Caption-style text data
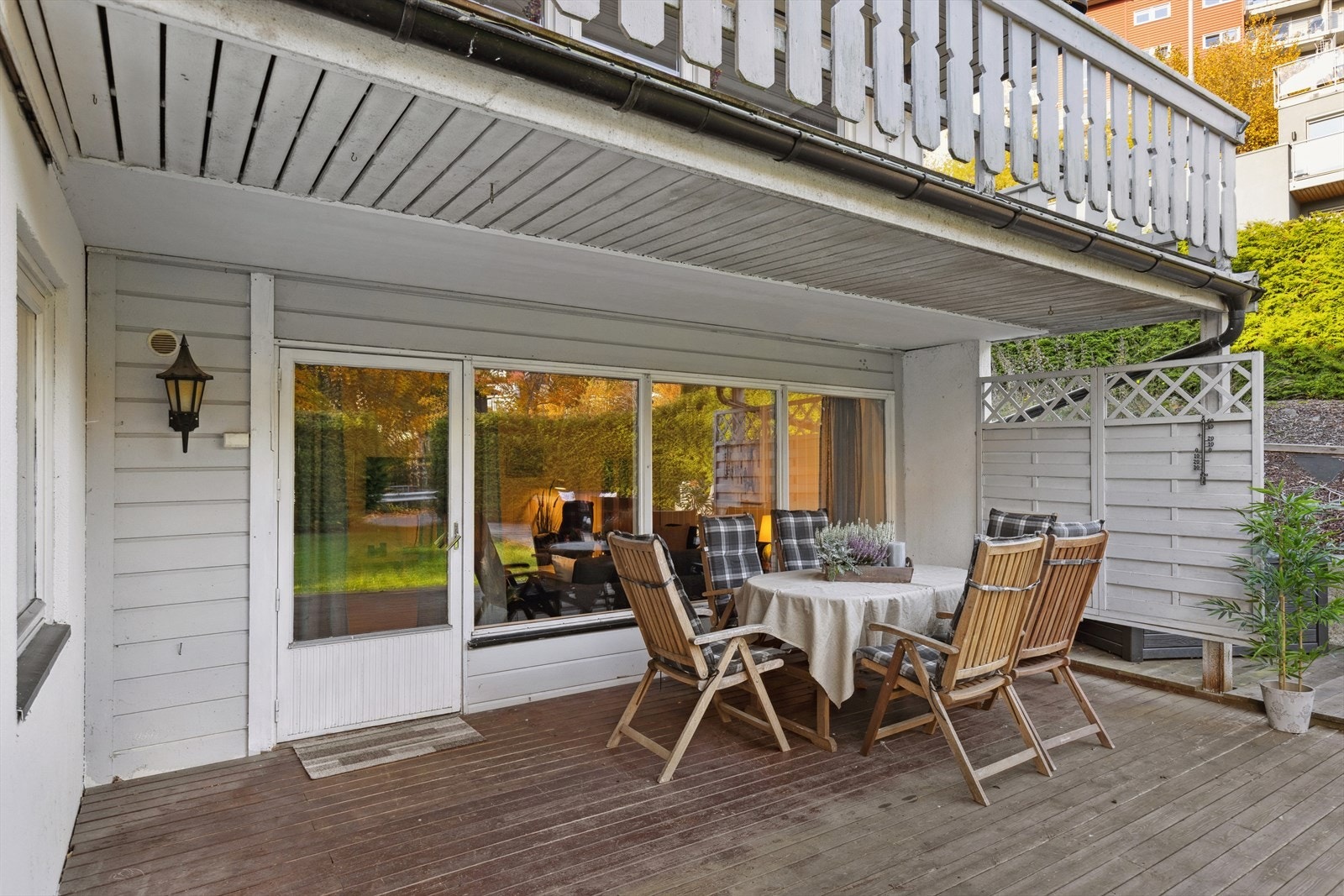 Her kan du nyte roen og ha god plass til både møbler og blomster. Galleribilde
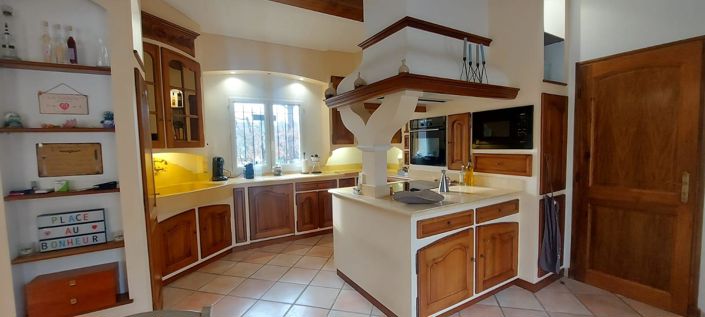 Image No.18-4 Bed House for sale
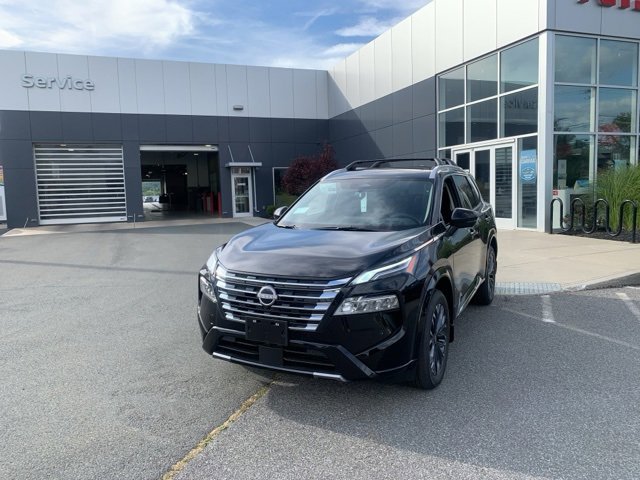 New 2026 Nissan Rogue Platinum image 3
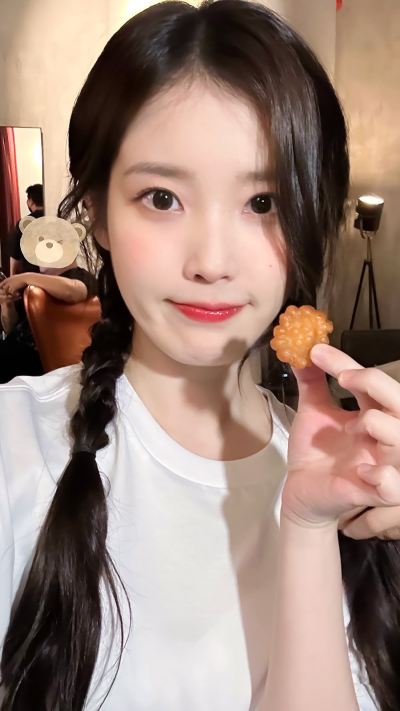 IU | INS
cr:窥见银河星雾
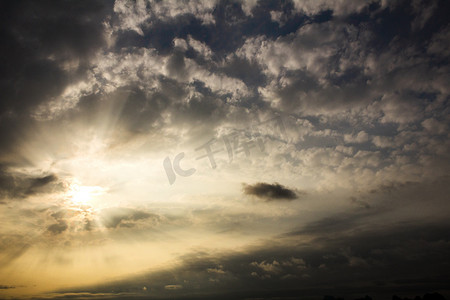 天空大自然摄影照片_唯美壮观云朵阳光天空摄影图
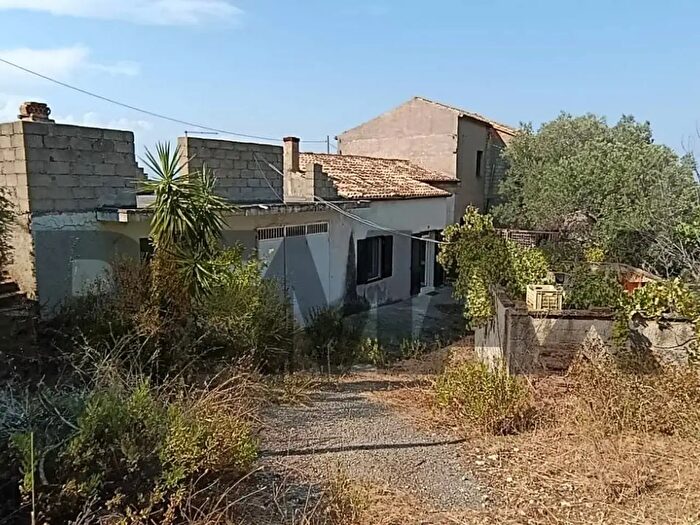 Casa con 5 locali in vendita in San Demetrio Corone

WHAT TO WORK ON | The copy should match the records above exactly, except that pictures are dropped.

YOUR SOLUTION |
 Her kan du nyte roen og ha god plass til både møbler og blomster. Galleribilde
 Image No.18-4 Bed House for sale
 New 2026 Nissan Rogue Platinum image 3
 IU | INS
cr:窥见银河星雾
 天空大自然摄影照片_唯美壮观云朵阳光天空摄影图
 Casa con 5 locali in vendita in San Demetrio Corone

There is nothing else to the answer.